**Problem to work on:**
In the data below, repeat the line containing "Basement with a" and every following line exactly, up to and including the last line. Exclude pictures.

**Information shown:**
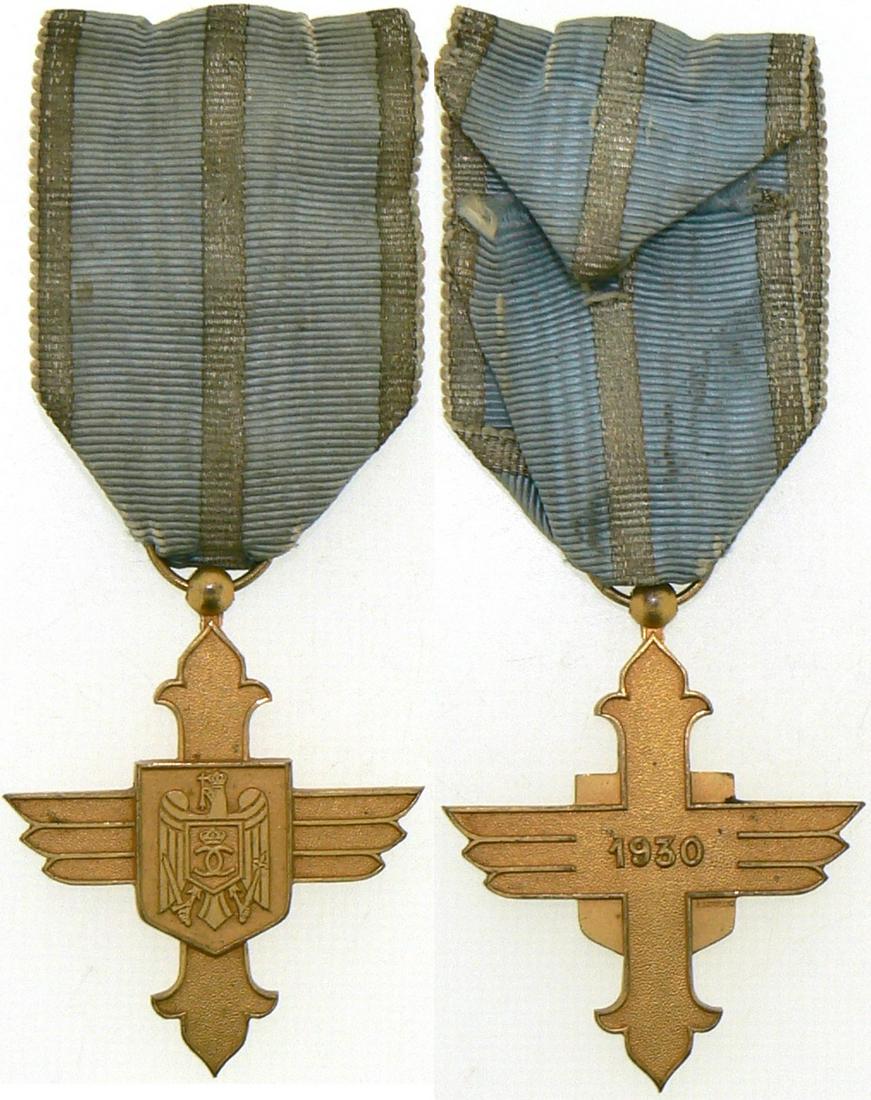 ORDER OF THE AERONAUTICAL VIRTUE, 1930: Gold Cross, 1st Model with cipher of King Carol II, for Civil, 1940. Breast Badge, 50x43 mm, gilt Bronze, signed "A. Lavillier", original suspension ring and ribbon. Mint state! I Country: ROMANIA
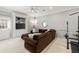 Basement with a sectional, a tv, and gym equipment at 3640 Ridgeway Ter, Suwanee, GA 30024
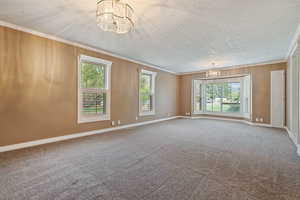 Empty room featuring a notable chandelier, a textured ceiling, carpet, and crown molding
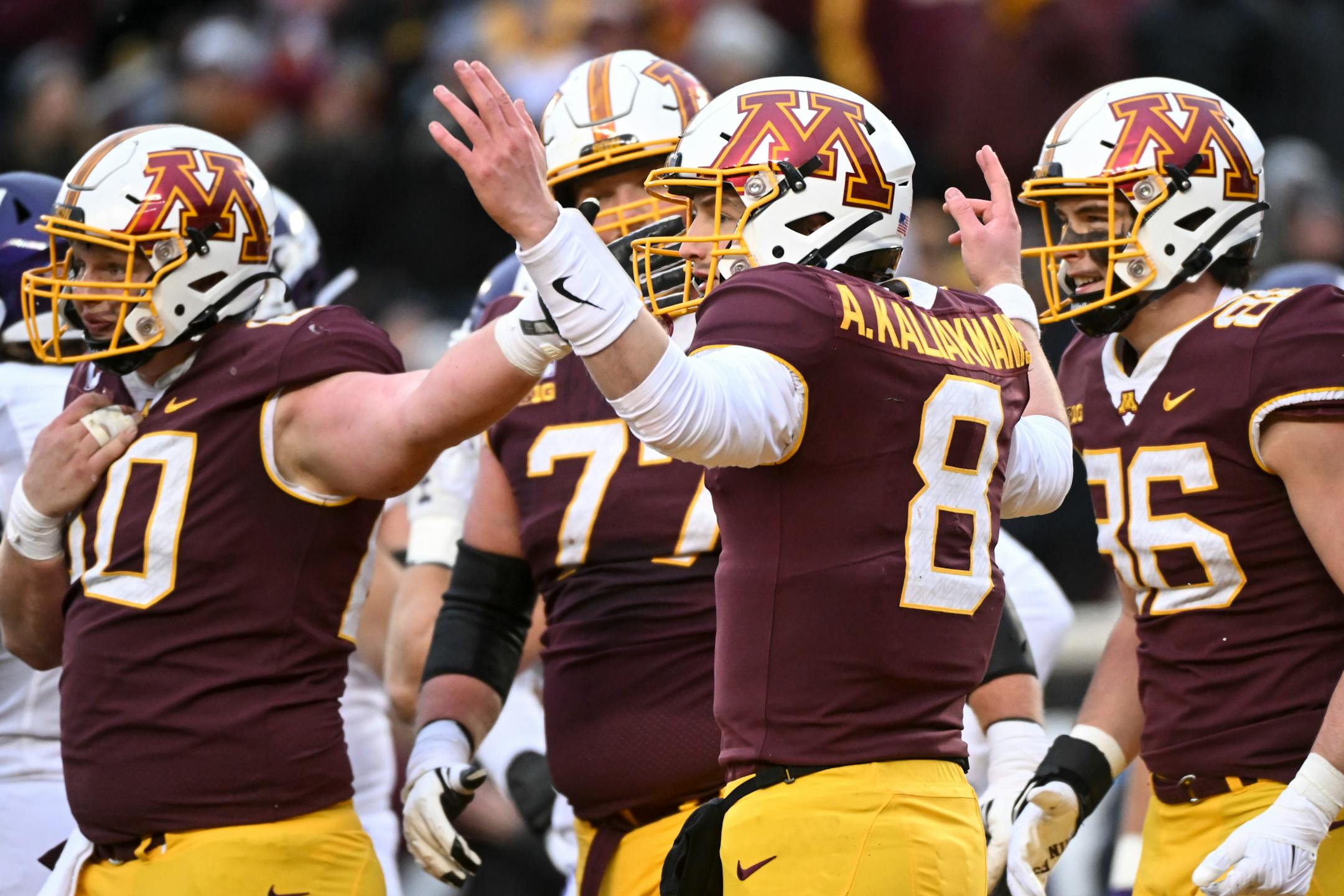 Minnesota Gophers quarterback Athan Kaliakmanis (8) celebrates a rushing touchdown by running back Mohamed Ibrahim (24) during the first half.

**Answer box:**
 Basement with a sectional, a tv, and gym equipment at 3640 Ridgeway Ter, Suwanee, GA 30024
 Empty room featuring a notable chandelier, a textured ceiling, carpet, and crown molding
 Minnesota Gophers quarterback Athan Kaliakmanis (8) celebrates a rushing touchdown by running back Mohamed Ibrahim (24) during the first half.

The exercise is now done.